Tumor Necrosis Factor-Related Apoptosis-Inducing Ligand Gene Polymorphisms and Hepatitis B Virus Infection

Abstract

Background: Tumor necrosis factor-related apoptosis-inducing ligand (TRAIL) is an apoptotic molecule with a key role in the apoptosis of tumors and virus-infected cells. The association of 1525G/A and 1595C/T polymorphisms in the region of 3’ UTR on the TRAIL gene has been shown in many cancers and diseases. Polymorphism at the positions of 1525G/A and 1595C/T might influence the clearance of hepatitis B virus (HBV). Objectives: This study was carried out to determine the role of the TRAIL gene polymorphisms in clinical outcome of HBV infection.
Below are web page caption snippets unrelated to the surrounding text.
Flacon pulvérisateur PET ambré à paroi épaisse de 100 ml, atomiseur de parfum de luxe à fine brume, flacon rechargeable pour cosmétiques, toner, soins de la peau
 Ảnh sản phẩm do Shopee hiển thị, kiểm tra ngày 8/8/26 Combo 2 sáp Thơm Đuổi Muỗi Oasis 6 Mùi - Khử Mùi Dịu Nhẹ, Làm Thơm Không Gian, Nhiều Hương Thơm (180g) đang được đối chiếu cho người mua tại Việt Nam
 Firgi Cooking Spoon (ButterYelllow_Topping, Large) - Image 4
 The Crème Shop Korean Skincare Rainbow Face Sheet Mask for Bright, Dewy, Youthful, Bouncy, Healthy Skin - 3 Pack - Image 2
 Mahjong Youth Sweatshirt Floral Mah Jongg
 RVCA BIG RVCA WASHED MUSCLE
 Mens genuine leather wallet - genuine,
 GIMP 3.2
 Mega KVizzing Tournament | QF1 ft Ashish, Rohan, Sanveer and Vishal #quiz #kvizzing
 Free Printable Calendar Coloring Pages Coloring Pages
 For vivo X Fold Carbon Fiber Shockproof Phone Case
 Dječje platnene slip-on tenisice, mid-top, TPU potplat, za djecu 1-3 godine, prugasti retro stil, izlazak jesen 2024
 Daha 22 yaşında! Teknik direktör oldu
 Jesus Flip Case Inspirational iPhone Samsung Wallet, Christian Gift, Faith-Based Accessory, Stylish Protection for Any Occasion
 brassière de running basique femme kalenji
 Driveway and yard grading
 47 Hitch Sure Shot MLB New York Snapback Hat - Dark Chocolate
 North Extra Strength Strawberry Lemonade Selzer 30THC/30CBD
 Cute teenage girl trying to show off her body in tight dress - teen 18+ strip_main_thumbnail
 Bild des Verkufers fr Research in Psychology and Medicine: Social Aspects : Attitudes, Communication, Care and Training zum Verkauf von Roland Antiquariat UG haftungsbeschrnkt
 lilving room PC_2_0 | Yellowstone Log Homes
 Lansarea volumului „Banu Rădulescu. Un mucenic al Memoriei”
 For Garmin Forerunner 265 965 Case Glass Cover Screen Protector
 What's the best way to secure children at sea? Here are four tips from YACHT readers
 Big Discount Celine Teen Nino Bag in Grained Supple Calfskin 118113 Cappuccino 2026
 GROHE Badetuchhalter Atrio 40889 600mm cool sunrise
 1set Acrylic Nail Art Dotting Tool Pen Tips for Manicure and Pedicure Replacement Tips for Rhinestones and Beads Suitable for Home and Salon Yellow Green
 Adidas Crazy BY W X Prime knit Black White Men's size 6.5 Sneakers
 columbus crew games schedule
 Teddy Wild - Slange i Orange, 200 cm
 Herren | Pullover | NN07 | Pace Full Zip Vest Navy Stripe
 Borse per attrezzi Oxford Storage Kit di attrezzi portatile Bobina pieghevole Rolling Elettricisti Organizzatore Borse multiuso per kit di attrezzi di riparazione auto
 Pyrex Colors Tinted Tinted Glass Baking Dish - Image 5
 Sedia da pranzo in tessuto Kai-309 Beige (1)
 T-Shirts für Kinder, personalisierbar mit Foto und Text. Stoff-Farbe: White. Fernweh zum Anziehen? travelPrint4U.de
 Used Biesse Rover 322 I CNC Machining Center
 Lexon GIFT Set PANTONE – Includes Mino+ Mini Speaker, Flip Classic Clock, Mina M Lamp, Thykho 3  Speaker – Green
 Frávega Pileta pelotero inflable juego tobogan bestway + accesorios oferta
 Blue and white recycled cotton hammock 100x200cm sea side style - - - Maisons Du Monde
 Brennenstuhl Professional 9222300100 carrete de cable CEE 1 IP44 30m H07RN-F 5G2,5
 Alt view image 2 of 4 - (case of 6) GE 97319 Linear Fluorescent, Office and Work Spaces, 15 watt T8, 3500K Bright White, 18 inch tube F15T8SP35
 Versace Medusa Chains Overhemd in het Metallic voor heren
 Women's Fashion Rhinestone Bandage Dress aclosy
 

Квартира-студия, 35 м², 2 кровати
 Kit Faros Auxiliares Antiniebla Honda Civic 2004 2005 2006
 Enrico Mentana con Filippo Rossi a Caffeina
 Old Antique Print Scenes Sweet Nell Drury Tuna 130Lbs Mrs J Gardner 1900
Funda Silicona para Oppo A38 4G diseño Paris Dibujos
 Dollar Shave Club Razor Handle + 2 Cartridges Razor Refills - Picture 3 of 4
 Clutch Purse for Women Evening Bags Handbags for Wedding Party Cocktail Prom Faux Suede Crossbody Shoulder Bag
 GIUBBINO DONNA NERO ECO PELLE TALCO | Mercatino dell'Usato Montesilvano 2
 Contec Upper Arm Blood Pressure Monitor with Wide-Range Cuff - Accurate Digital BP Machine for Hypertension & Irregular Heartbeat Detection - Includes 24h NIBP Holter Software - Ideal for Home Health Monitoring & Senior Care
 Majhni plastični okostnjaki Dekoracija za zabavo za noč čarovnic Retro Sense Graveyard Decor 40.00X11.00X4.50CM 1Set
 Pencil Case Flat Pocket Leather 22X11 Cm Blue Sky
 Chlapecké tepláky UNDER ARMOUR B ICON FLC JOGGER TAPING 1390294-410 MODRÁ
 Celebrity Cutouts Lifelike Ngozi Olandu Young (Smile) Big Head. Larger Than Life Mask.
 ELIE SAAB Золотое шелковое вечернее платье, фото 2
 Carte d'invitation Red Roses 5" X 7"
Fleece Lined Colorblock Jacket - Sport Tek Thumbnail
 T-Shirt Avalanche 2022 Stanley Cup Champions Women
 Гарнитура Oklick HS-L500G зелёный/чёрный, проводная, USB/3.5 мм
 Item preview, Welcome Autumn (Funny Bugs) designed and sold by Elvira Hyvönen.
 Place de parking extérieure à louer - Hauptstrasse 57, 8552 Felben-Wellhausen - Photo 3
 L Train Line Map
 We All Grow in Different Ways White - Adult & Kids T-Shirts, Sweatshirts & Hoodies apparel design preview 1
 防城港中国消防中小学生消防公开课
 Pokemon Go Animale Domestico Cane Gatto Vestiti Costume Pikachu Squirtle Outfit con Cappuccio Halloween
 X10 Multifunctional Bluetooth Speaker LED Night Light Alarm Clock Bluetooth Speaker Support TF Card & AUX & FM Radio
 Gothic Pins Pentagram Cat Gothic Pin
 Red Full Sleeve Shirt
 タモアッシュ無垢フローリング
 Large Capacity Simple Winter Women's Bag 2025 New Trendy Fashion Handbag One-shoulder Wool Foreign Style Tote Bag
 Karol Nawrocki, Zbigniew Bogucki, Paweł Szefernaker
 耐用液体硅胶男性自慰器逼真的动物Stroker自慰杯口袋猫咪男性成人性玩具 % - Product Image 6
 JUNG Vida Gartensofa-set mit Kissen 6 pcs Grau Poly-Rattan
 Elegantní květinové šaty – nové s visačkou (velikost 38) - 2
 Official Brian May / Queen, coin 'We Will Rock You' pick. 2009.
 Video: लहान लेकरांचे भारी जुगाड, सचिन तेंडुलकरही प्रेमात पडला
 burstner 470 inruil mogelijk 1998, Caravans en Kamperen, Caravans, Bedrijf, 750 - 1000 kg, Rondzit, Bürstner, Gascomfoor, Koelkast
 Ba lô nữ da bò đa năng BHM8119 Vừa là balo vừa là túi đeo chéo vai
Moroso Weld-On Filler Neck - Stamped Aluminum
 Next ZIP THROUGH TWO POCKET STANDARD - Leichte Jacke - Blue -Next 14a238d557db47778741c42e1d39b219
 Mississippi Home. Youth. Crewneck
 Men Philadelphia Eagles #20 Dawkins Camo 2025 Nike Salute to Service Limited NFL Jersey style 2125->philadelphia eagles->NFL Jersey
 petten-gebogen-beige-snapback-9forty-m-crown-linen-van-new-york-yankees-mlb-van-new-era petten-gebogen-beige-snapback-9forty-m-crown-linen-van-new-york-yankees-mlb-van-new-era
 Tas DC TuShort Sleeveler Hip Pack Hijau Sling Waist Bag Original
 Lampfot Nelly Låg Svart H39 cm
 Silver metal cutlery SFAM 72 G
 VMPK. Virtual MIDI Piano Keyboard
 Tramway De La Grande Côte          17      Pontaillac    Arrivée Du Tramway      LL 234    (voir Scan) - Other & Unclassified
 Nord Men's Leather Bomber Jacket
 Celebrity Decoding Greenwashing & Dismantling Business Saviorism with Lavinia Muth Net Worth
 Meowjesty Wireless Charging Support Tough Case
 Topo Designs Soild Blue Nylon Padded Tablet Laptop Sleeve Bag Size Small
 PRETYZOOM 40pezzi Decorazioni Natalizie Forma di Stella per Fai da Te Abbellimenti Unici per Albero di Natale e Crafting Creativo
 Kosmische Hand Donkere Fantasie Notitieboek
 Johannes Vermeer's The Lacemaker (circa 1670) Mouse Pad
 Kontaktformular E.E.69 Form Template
Patients and Methods: Polymerase chain reaction-based restriction fragment length polymorphism (PCR–RFLP) was applied to genotype TRAIL polymorphisms at positions 1525G/A and 1595C/T. To evaluate the TRAIL gene polymorphism in the 3’ UTR region at position 1525G/A and 1595C/T, 147 patients with HBV infection were divided into three different groups of chronic hepatitis (n = 52), cirrhosis (n = 33), and carrier (n = 62) and there was a group of 101 healthy controls. Results: Our data showed that genotypes 1525G/A and 1595C/T were in complete linkage disequilibrium and the genotype frequencies at the two positions were the same. No significant differences in frequencies of genotype and alleles at positions 1525G/A and 1595C/T were observed between all the three groups (P value > 0.05). Conclusions: According to our result, 1525G/A and 1595C/T were in strong linkage disequilibrium and the polymorphisms of the TRAIL gene in the 3’ UTR region were not associated with the outcome of HBV infection.